L'acte de lacération d'affiche est-il nécessairement un acte vindicatif, celui d'un indigné ?
Je suis un artiste, les affiches lacérées sont d'abord des faits plastiques, même si certaines ont un rapport avec la politique, je les recueille avec l'objectivité d'un historien, sans militantisme politique.

Vous êtes l'un des fondateurs et un précurseur du Nouveau Réalisme. Aujourd'hui quel est votre regard sur l'art, vous semble-t-il plus libéré ? Ou reste-t-il à votre sens trop souvent emprisonné par la culture dominante, les carcans des sociétés ?
À chaque époque, l'artiste a libéré ses contemporains des contraintes : Picasso par son imagination, Matisse par l'éclat de ses couleurs, Fernand Léger par la simplicité de son dessin, les Abstraits par leur spontanéité… Les artistes des générations qui me suivent luttent en se jouant du capital et de la mondialisation.

La série "Opération quimpéroise" – que l'on peut découvrir au Mac – est-elle une forme d'autoportrait ? Pouvez-vous nous expliquer la démarche ?
La série "Opération quimpéroise" est une fête, organisée dans ma ville natale pour mes 80 ans, qui m'invitait pour une rétrospective géographique de mon œuvre.

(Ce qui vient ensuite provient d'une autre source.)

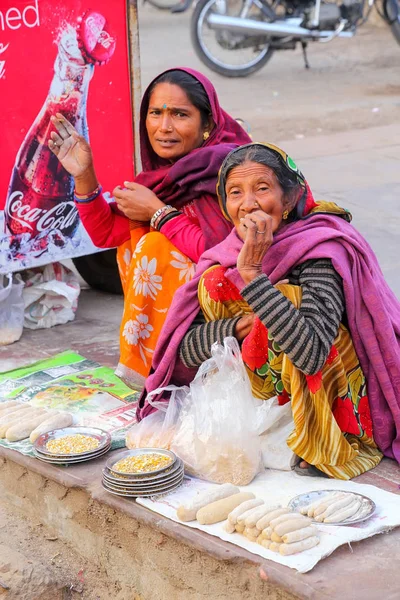 AMBER, INDIA - 13 DE NOVIEMBRE: Mujeres no identificadas venden alimentos para peces — Foto de Stock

Le régisseur chargé de l'affiche et de l'affichage a commandé des affiches d'après un portrait photographique qu'il a fait reproduire de couleurs différentes et qu'il a collées en les superposant. Ensuite la direction du Quartier (centre d'art contemporain de Quimper, ndlr), qui organisait l'exposition, a invité la population à lacérer ces affiches. Celle-ci s'est prise au jeu, le régisseur avec le personnel du Quartier a recueilli les lacérations et me les a offertes. C'est dire que le personnel du Quartier avait une culture poétique et plastique. Pour les remercier, j'ai écrit un texte intitulé "Opération quimpéroise" et j'ai offert au FRAC de Bretagne, qui avait participé à l'exposition par des prêts, et à la ville de Quimper, une œuvre de leur choix. C'était un triomphe pour mon mythe du Lacéré Anonyme. J'ai vu que le public marseillais a accueilli avec plaisir la dernière période de mes récoltes montrée ainsi pour la première fois.